'His dextrous manipulation of colours conjures up the intoxicating “smell” of live theatre, creating a world more desirable than ever in this isolated digital age.'
Sir Cameron Mackintosh chooses The Noël Coward Theatre:
‘I met Francis Hamel in 1987 and we became firm friends. In 2007, I asked him if he’d like to paint not only my productions, but also the theatres I was beginning to collect. Only Sickert, Toulouse-Lautrec and Laura Knight had seriously painted the theatre in almost 100 years.
‘This is my favourite. It’s where, as an impoverished 19 year old in 1965, I auditioned to be acting stage manager for Lionel Bart’s Oliver!.
‘I got the job and ended up owning the theatre! Francis has caught the special magic of these extraordinary Edwardian buildings. His dextrous manipulation of colours conjures up the intoxicating “smell” of live theatre, creating a world more desirable than ever in this isolated digital age ’

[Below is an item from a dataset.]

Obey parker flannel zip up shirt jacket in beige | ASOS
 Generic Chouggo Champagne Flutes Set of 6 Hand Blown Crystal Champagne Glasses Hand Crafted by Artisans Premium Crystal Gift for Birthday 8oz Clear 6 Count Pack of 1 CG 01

Sir Cameron Mackintosh is a theatre producer whose Les Misérables, The Phantom of the Opera and Cats are the longest-running musicals of all time. His Mary Poppins returns to the West End this year.
John McEwen on The Noël Coward Theatre:
Francis Hamel lives at Rousham in Oxfordshire and returns to his studio there when he’s harvested sufficient information ‘to build a painting’. He uses photographs, drawings and his imagination. The drawings are done during the performance and record light, colour and, if at all possible, the atmosphere. They are covered with notes about light and colour.
Sir Cameron Mackintosh has allowed him more or less unfettered access to his theatres, as long as he hovers in the shadows.
For Mr Hamel, the principal attraction of theatre is its ‘sheer beauty and potency’. He explains: ‘It’s a concentrated version of the real world, with light and colour levels ramped up a few notches. For this painting, having a single figure at the “sweet spot” in the composition was all I wanted. I have planted the proscenium in the centre of the composition, the magic hinge between the real world and the stage, like the cover of a book or the rabbit hole in Alice’s Adventures in Wonderland.
‘The painting tries to capture the opulence of this handsome auditorium and the bright lights of the stage, with rows of heads lit up by the performance. I’m ashamed to say I can’t remember much about Avenue Q, which I went to at least twice – far too busy with pencils and paper!’
Mr Hamel’s ‘Behind the Curtain’, an exhibition of 30 portraits of famous contemporary figures in film and theatre, is on show at the V&A until May 19. A small retrospective accompanying a new monograph, Francis Hamel: Paintings and Drawings, is at John Martin Gallery, 38, Albemarle Street, London W1, until May 3.